SCF-induced ERM proteins phosphorylation is dependent on PI3K activation in human melanocytes

As a next step to determine the involvement of PI3K in SCF-induced ERM proteins phosphorylation, we used an inhibitor of PI3K, LY294002. The inhibitor (30 nM) was added to the medium for 30 min and the ERM proteins phosphorylation was examined after 5 or 30 min of SCF treatment. In the presence of LY294002, SCF-induced ERM proteins and Akt phosphorylation were completely suppressed in melanocytes (Figure 2A, B). Moreover, the phosphorylation of Akt was maximally increased at 5 min and remained high for 30 min following SCF treatment, which preceded moesin phosphorylation. Thus, these results indicate that PI3K/Akt activation is required for SCF-induced ERM proteins phosphorylation in melanocytes.

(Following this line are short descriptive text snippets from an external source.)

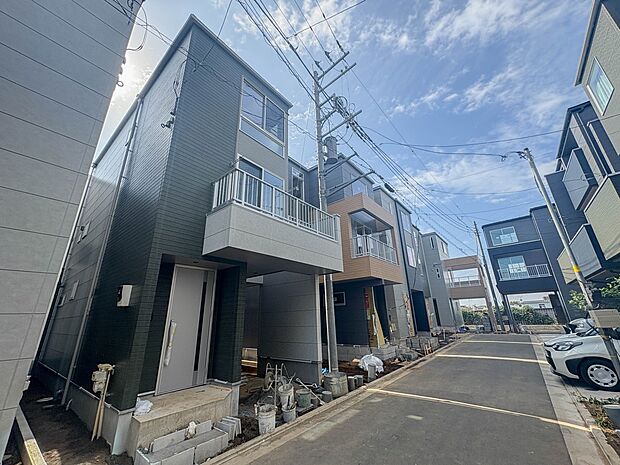 【前面道路】車の通行が少ないので、静かな住環境を維持することができます。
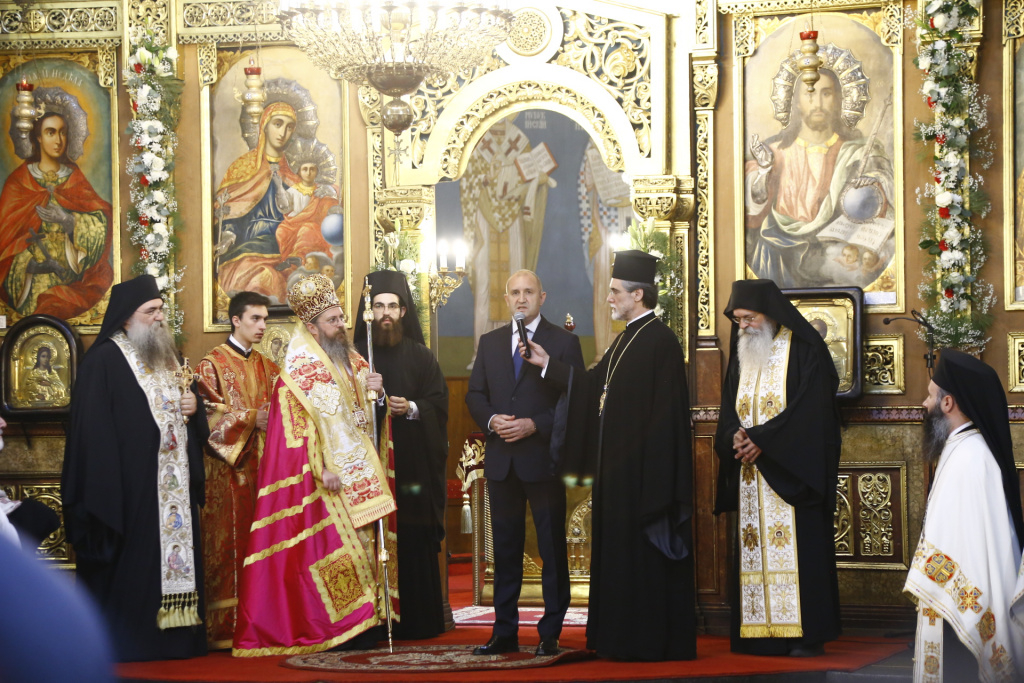Фоторепортаж в БЛИЦ: Литийно шествие с мощите на Св. Св. Кирил и Методий 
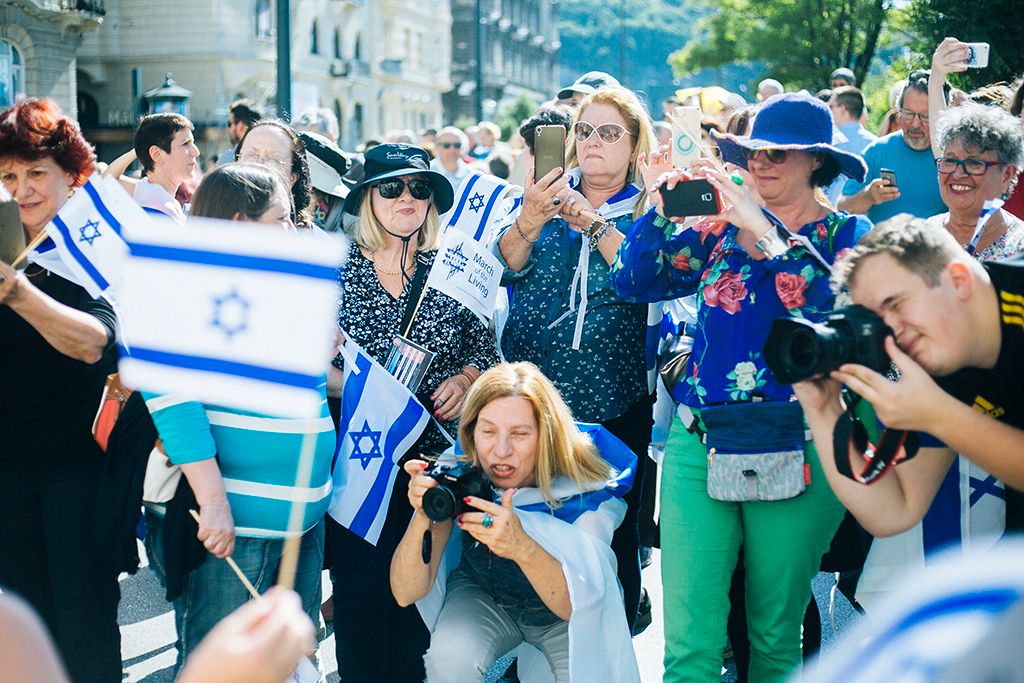Az Élet menetének résztvevői  Budapesten, az Erzsébet híd pesti hídfőjénél 2018. május 13-án. A holokauszt áldozataira emlékező emléksétát tizenhatodik alkalommal rendezték meg. Fotó: Horváth Péter Gyula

SCF-induced Rac1 activation is dependent on PI3K activation in human melanocytes

The Rho family proteins, RhoA, Rac1, and Cdc42 have been implicated in the phosphorylation of moesin in various cell lines (Nakamura et al., 2000). SCF was shown to activate Rac1 in mast cells (Samayawardhena et al., 2007). Here, Rac1 activity following 50 ng/ml SCF treatment was examined in melanocytes by measuring the amounts of Rac1/Cdc42 bound to a glutathione S-transferase (GST)-fused Rac/Cdc42-binding domain of PAK3 (GST-PBD). Increased Rac1 activity was observed after 5 min of SCF treatment and it continued to increase gradually for 30 min. This time course coincided with that of ERM proteins phosphorylation, suggesting that Rac1 might be involved in the phosphorylation of ERM proteins that is induced by SCF treatment. Moreover, SCF-induced Rac1 activation was completely inhibited by pretreatment with LY294002, a PI3K inhibitor (Figure 3A, B), suggesting that SCF-induced Rac1 activation is mediated through PI3K in melanocytes.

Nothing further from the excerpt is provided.